Au début, on est un peu intimidés par la jungle de «schmears» à choix. Les fromages à tartiner se déclinent en un assortiment ubuesque d’arômes. Aux noix et raisins secs, olives, cébettes, aux herbes, au cheddar, aux jalapeños, puis il y a leurs correspondances au tofu. Et le gouffre de l’indécision ne se referme pas ici. Car on peut ensuite varier les plaisirs en fourrant la mie, par pellées, de salade de thon, de crevettes, de hareng, d’esturgeon lacustre, d’œufs, d’aubergines à l’espagnole, de houmous, de salami kosher ou de Gênes, de poulet cajun ou teriyaki, de roastbeef, de dinde lustrée au miel, de jambon campagnard. Entre autres. Ou de pastrami, dont les replis lascifs sont presque sexuels et contre lesquels s’accolent les grains bleutés du pavot.
A cela, l’usage veut que l’on greffe force poivrons grillés, des câpres, du raifort, du lard, des pickles en tous genres. Et finir avec un yogourt low-fat parce qu’il est préférable de ne pas abuser.

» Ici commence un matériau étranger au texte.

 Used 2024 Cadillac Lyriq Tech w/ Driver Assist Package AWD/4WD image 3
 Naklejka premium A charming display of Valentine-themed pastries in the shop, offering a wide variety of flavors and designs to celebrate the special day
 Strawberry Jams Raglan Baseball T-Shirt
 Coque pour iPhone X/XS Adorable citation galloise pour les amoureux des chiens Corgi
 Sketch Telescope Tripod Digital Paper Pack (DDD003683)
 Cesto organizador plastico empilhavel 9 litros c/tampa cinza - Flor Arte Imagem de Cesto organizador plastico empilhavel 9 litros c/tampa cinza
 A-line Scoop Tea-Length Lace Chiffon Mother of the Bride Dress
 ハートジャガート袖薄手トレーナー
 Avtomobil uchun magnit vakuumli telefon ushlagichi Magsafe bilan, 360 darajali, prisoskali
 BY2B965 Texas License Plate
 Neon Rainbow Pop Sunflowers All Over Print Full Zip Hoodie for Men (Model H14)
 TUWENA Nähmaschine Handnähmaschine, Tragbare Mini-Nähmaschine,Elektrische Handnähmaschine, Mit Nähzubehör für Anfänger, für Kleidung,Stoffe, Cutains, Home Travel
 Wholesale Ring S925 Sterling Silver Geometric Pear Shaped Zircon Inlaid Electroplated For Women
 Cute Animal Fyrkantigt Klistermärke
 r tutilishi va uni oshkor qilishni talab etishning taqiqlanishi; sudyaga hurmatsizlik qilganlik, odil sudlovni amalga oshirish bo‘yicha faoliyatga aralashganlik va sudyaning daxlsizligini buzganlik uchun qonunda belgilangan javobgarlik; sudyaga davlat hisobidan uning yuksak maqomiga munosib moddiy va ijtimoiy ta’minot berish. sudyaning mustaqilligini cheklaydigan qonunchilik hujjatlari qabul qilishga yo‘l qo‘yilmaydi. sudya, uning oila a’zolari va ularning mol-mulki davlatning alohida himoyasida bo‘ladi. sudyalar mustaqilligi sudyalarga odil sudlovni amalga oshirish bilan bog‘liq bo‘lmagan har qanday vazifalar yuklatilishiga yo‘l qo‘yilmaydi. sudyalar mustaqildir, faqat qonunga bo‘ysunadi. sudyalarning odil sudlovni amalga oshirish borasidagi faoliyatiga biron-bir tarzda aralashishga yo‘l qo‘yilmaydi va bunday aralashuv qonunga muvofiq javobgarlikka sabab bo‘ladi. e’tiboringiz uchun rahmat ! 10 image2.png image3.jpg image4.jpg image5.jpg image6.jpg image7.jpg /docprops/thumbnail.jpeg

Assise au bar dans la vitrine, je regarde la foule défiler. Une pléthore d’étudiants fraîchement diplômés traînent des toges foncées sur l’asphalte de Hell’s Kitchen. Leur agitation oscille entre enfantillage et magnétisme. A côté de moi, deux hommes boivent du café dans des gobelets. En carton. En silence. Puis, de façon sporadique, l’un d’eux distille une phrase parfaitement cryptique, souvent inachevée, dans un dictaphone. Un personnage de David Lynch n’eût guère fait beaucoup mieux.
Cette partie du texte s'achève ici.